_Problem to solve_:
Below are some records. Write out the lines from the one containing "عکس کتاب ششم علوم" to the last line, word for word, leaving out pictures.

_Provided records_:
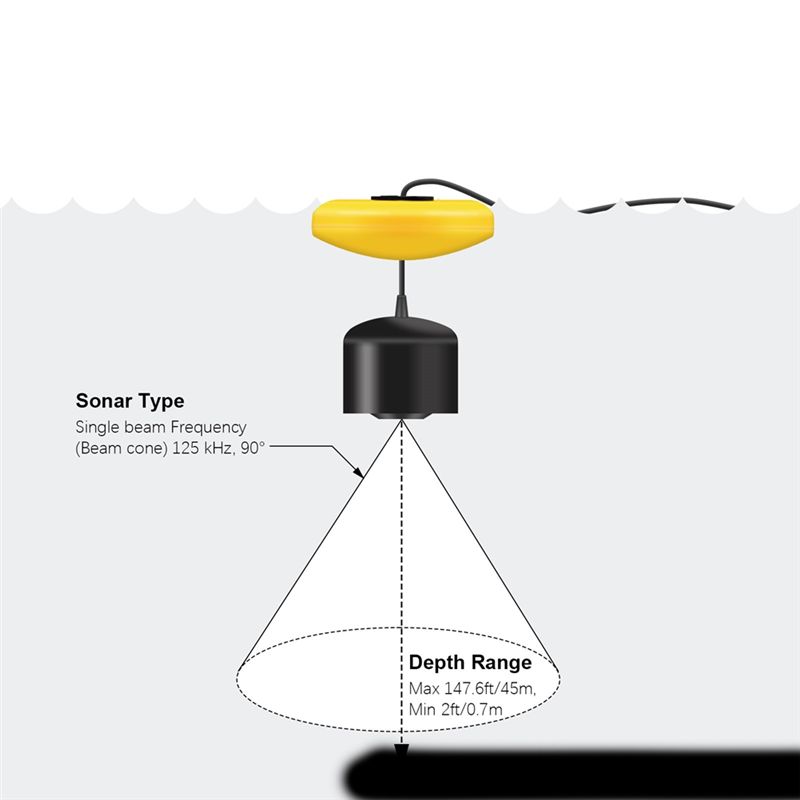 Neuer Tragbarer Fischfinder, E – Fish Finder Transducer Bewertung und Preis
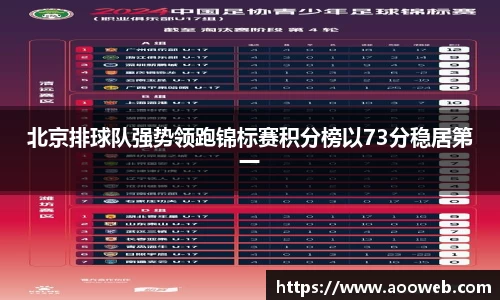 北京排球队强势领跑锦标赛积分榜以73分稳居第一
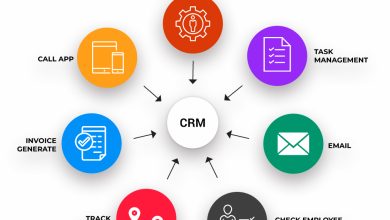 Benefits of CRM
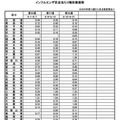 インフルエンザ定点あたり報告数推移（全国）
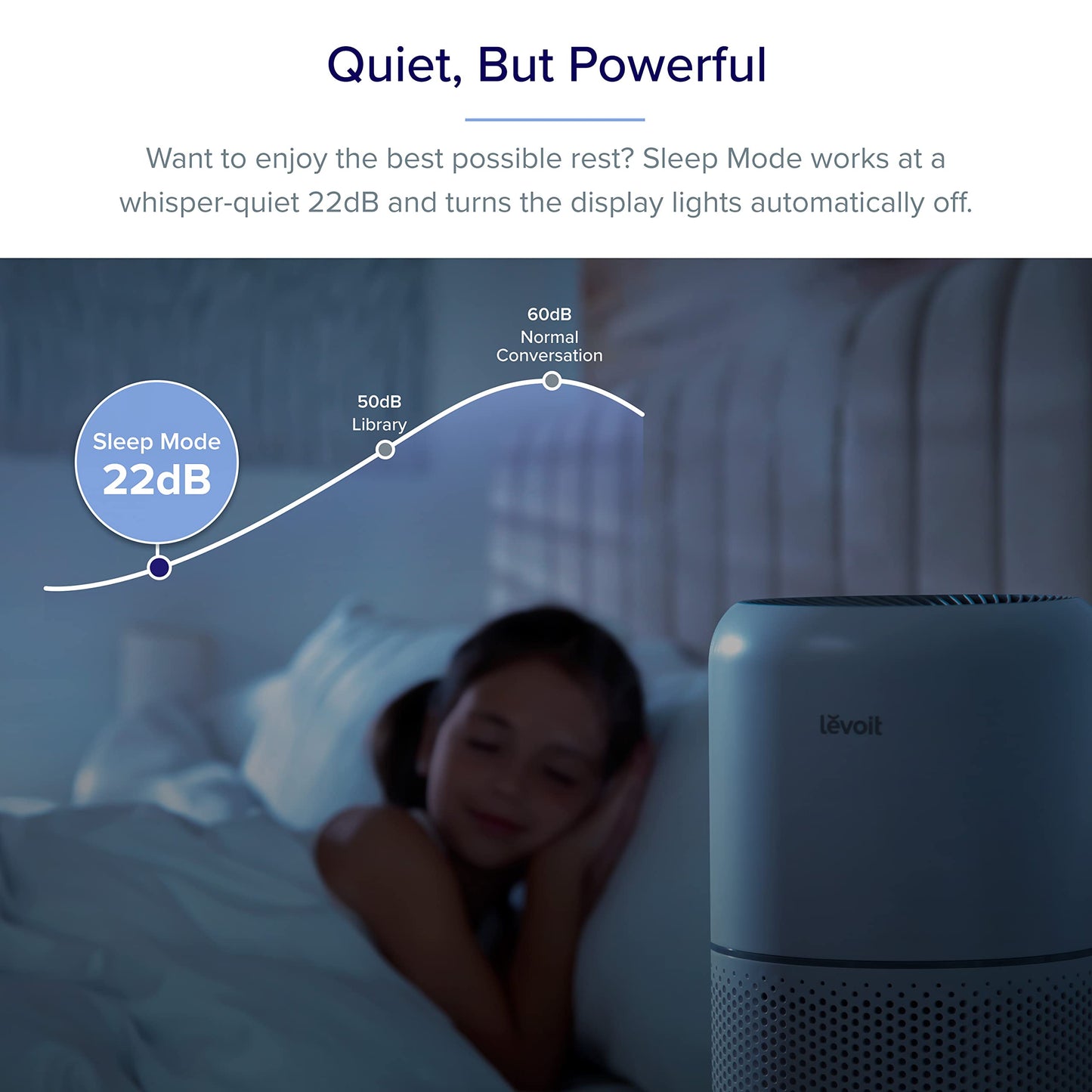 Levoit Smart Air Purifiers with Alexa for Large Room, Core 300S-P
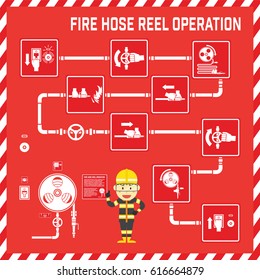 Set of Signs and Symbols of Fire Hose Reel Operation with Cute Fire Fighter Cartoon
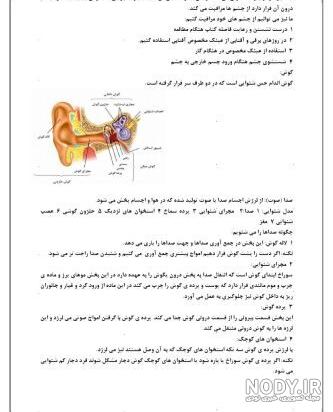 عکس کتاب ششم علوم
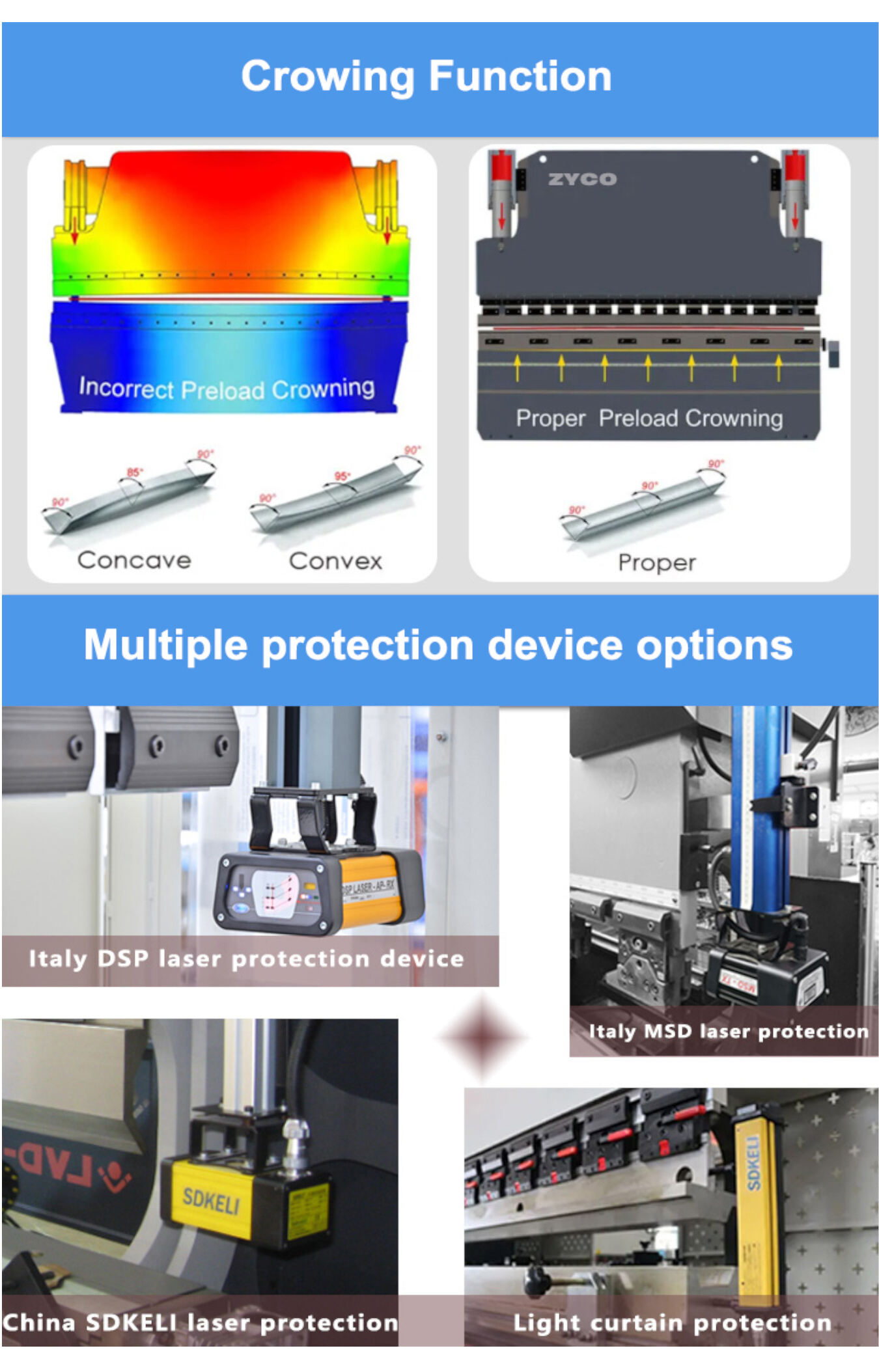 3T 200mm 6T 400mm 30T 1250mm Full Electric Press Brake Servo Cnc Electric Metal Bending Machine supplier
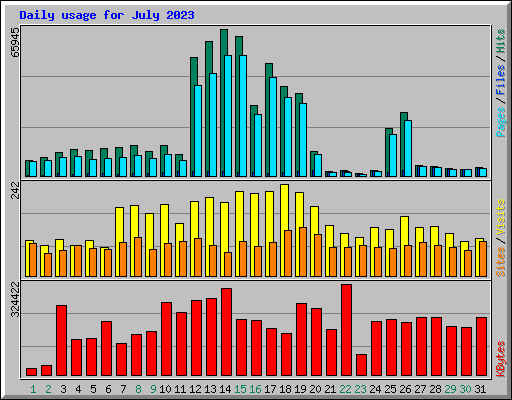 Daily usage for July 2023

_Answer section_:
 عکس کتاب ششم علوم
 3T 200mm 6T 400mm 30T 1250mm Full Electric Press Brake Servo Cnc Electric Metal Bending Machine supplier
 Daily usage for July 2023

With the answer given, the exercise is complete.